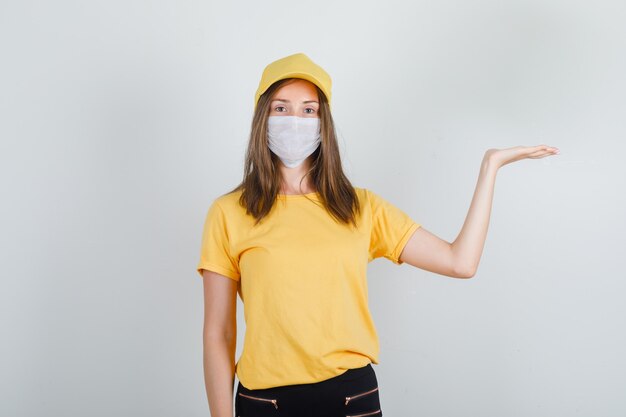 Femme de livraison montrant quelque chose avec la main en t-shirt, pantalon, casquette et masque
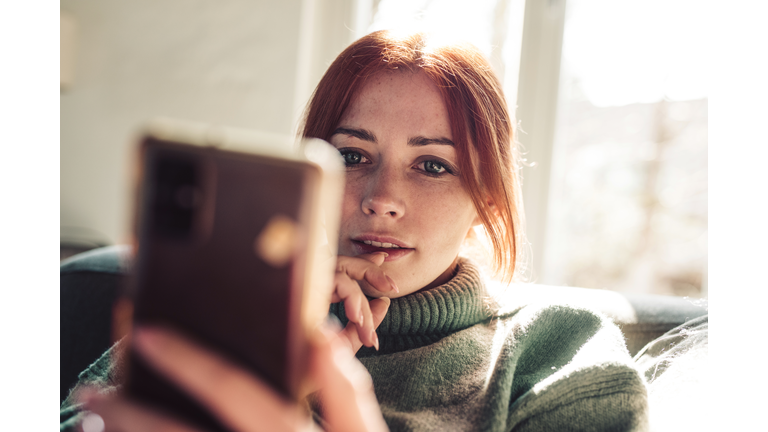 Woman with red hair looking on screen of her mobile phone.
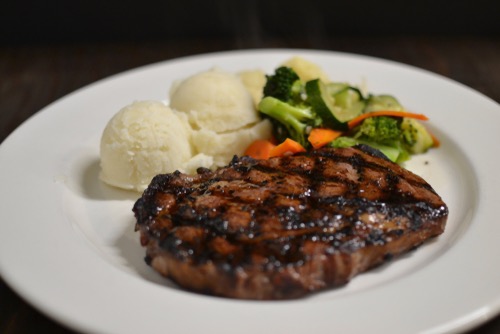 Order 14oz Ribeye with Veggies  food online from Chefs Of New York store, Modesto on bringmethat.com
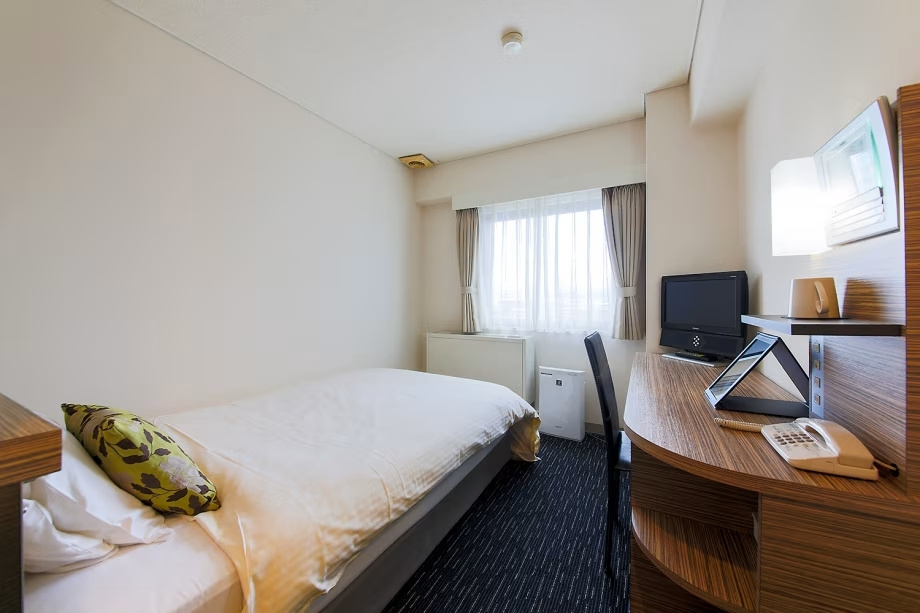 Plaza Hotel Toyota - Chambres
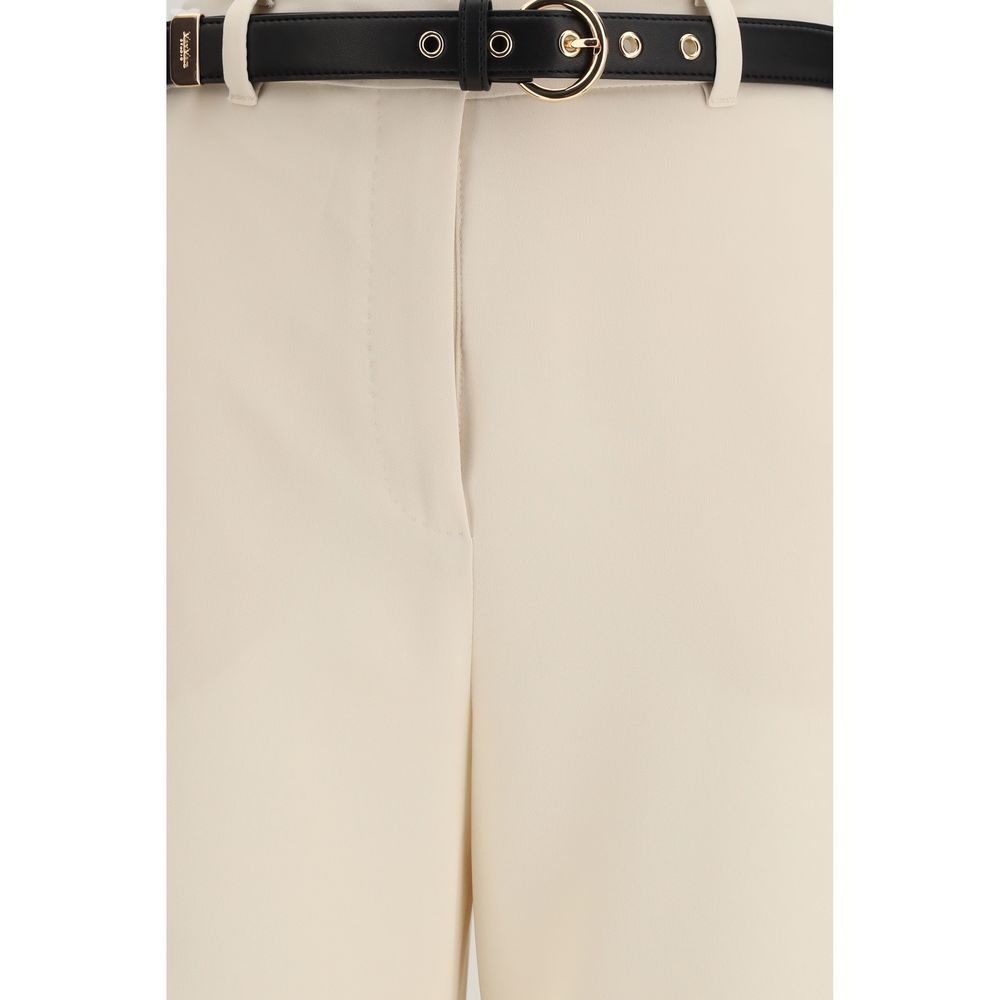 Trousers by Max Mara for women in polyester beige & ivory presents a perennial silhouette, meticulously tailored with a regular-fit & wide cut, long finish, and an elegant high rise.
=======
● **Problem description**: Output all of the data above exactly; no pictures should appear.

● **Response**:
 Femme de livraison montrant quelque chose avec la main en t-shirt, pantalon, casquette et masque
 Woman with red hair looking on screen of her mobile phone.
 Order 14oz Ribeye with Veggies  food online from Chefs Of New York store, Modesto on bringmethat.com
 Plaza Hotel Toyota - Chambres
 Trousers by Max Mara for women in polyester beige & ivory presents a perennial silhouette, meticulously tailored with a regular-fit & wide cut, long finish, and an elegant high rise.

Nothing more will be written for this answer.